Sabine Häußermanns solide argumentiertem Ansatz ist damit nicht widersprochen. Vielmehr trägt die Untersuchung des Herstellungsprozesses angesichts der komplexen Vorgänge der sich wandelnden Buchproduktion zum Verständnis der Pfisterschen Experimente bei, wie die Autorin an anderer Stelle selbst zeigt. Ähnlich ließen sich beispielsweise Layoutprobleme in Pfisters "Biblia pauperum" im Vergleich zu Handschriften und Blockbüchern mindestens zum Teil darauf zurückführen, dass der freie Letternsatz dem bilddominierten Thema nicht entsprach und dort auch deshalb ohne Nachfolge blieb.
Bildwiederholungen werden im letzten Kapitel überzeugend zum einen als inhaltlich motivierte Chiffren und topische Formeln gedeutet, zum anderen als publikumswirksamer Aspekt des technischen Fortschritts gewertet.
Das schön gestaltete und großzügig ausgestattete Buch, das durch viele in den Text gesetzte Abbildungen dem Anspruch des Themas gerecht wird, begleitet ein gründlicher Katalog der Pfistereditionen samt erhaltener Exemplare, der als zukünftige Referenz sehr nützlich ist, wenn auch zwischen den uniformen Editionen und ihren individuell gestalteten Exemplaren schon im Layout klarer unterschieden werden könnte.
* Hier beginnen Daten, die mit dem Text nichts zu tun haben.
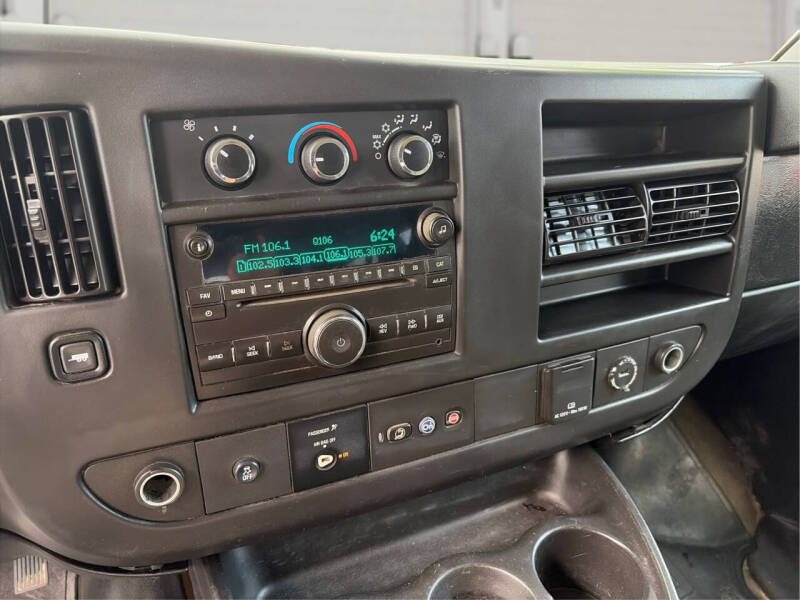 2017 Chevrolet Express LT 3500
Wie Sabine Häußermann abschließend aufzeigt, ist ihr breit angelegtes Thema noch keinesfalls erschöpfend behandelt. Sie hat das vernachlässigte Gebiet der Pfisterdrucke und ihrer Rolle am Beginn des Medienwandels für mehrere Disziplinen durch gründliche Sachanalysen und pointierte Thesen neu erschlossen, denen man weitere Forschungen und Diskussionen wünscht.
Anmerkung:
[1] Holger Nickel: Die Bamberger Pfisterdrucke. Rezension von Sabine Häußermann: Die Bamberger Pfisterdrucke, in: Aus dem Antiquariat NF 7 (2009), Nr. 4, 276-278; Ina Nettekoven: Rezension von Sabine Häußermann: Die Bamberger Pfisterdrucke, in: Kunstchronik 62 (2009), Heft 9/10, 478-483.